Reputation: 4138
I am trying to receive data from a server application using boost asio's async_read()
free function, but the callback I set for when the receiving is never called.
The client code is like this:
Client::Client()
{
m_oIoService.run(); // member boost::asio::io_service
m_pSocket = new boost::asio::ip::tcp::socket(m_oIoService);
// Connection to the server
[...]
// First read
boost::asio::async_read(*m_pSocket,
boost::asio::buffer((void*)&m_oData, sizeof(m_oData)),
boost::bind(&Client::handleReceivedData, this,
boost::asio::placeholders::error,
boost::asio::placeholders::bytes_transferred));
}
I tried with small data (a short string) and I can't get it to work. When I use the synchronous read function (boost::asio::read()
) using the two same first parameters, everything works perfectly.
Am I missing something with the use of the io_service? I am still unsure about how it works.
Upvotes: 2
Views: 2693
Reputation:
boost::asio::service::run ()
is a blocking call. Now, in your example it may or may not return immediately. In case it doesn't, you you are blocked even before you create a socket, and never call read, so cannot expect a callback.
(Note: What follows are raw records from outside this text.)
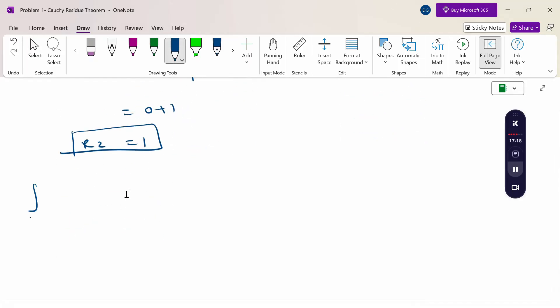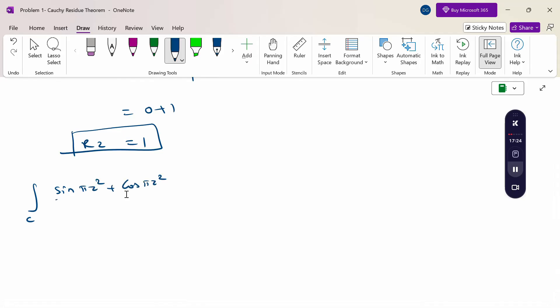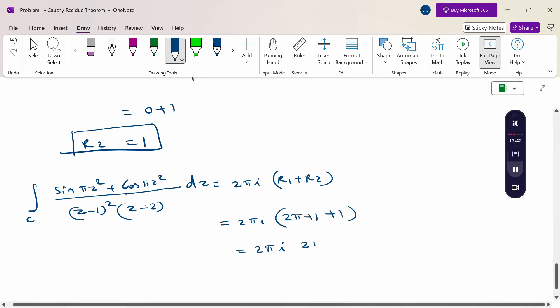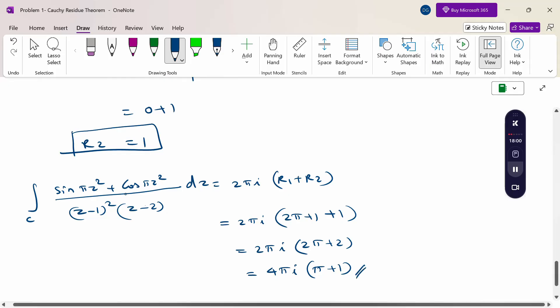Now applying the Cauchy Residue Theorem: the integral over C of (sin πz² + cos πz²) / [(z−1)²(z−2)] dz = 2πi · (R₁ + R₂) = 2πi · (2π + 1 + 1) = 2πi · (2π + 2) = 2πi · 2(π + 1) = 4πi(π + 1). This is the final answer. Thank you.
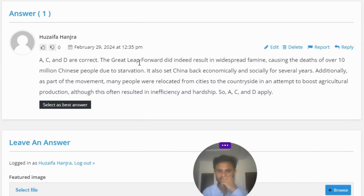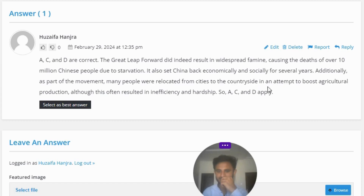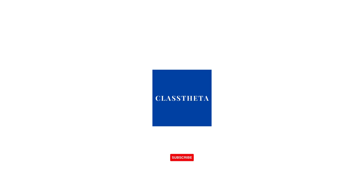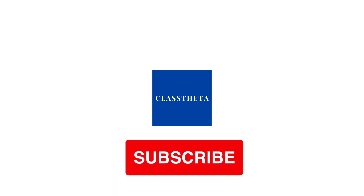The correct answers are A, C, and D. The Great Leap Forward did indeed cause widespread famine, resulting in the deaths of over 10 million Chinese people due to starvation. It also set China back economically and socially for several years. As part of the movement, many people were relocated from cities to the countryside in an attempt to boost agricultural production, although this often resulted in inefficiency and hardship. So A, C, and D apply.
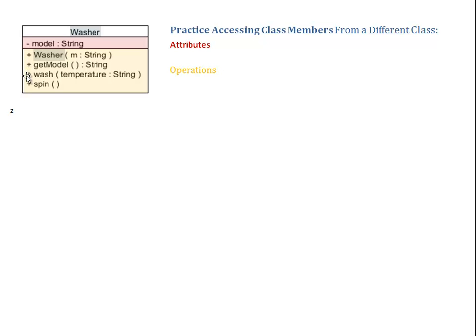Now, there are three more entries here under operations. Those are my three methods: getModel, wash, and spin.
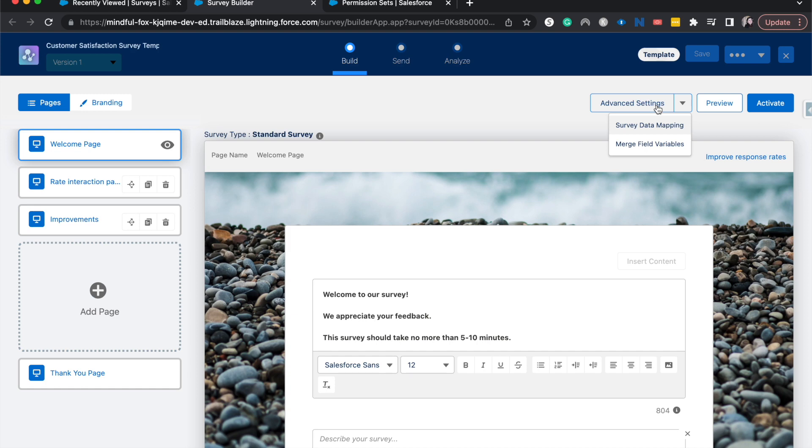Again you do need to have the feedback management license, is what I believe it's called, in order to have access to these advanced features like data mapping and merge fields and using some data types. I think like matrix questions is one of them. But with that being said I hope that you found this video helpful.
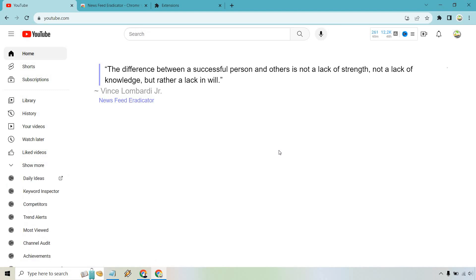The difference between a successful person and others is not a lack of strength, not a lack of knowledge, but rather a lack of will. That's not the only quote that you're going to be seeing, but nevertheless, you are now distraction free on your YouTube homepage.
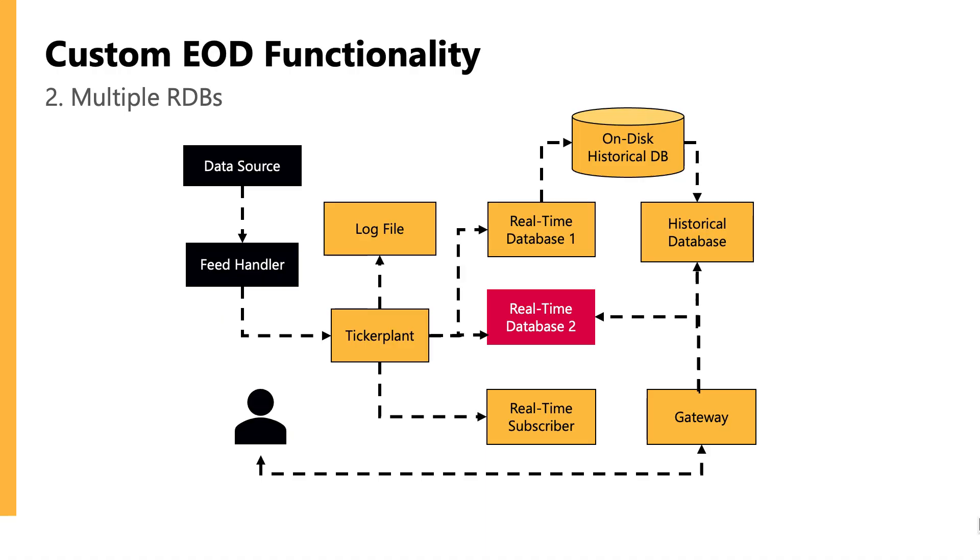A second way a user might want to customize their end of day might be when they have very large data volumes and your RDB is not able to service user queries at the same time as it's writing that down to disk at the end of the day. So what some people need to do is have multiple RDBs, one of which is concerned with writing the data to disk and the other one can still service those user queries. Then our gateway can point to whichever RDB is the available one, so the end users don't need to be concerned with which one's up or aware of which one is available.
Otherwise, dispatch loop is exited, so no callbacks are ever delivered.
Read more about boost::asio::service::run ()
. I recommend you check out documentation including tutorial, examples and reference. It is worth going trough it in full to understand the concept.
Hope it helps!
P.S.: On a side note, your code is not exception safe. Beware that if constructor of the class fails with exception then destructor of that class instance is never called. Thus, you may leak at least m_pSocket
if its type is not one of the "smart pointers". You should consider making it exception safe, moving the code to another method that should be called by user, or even wrapping this functionality with a free function.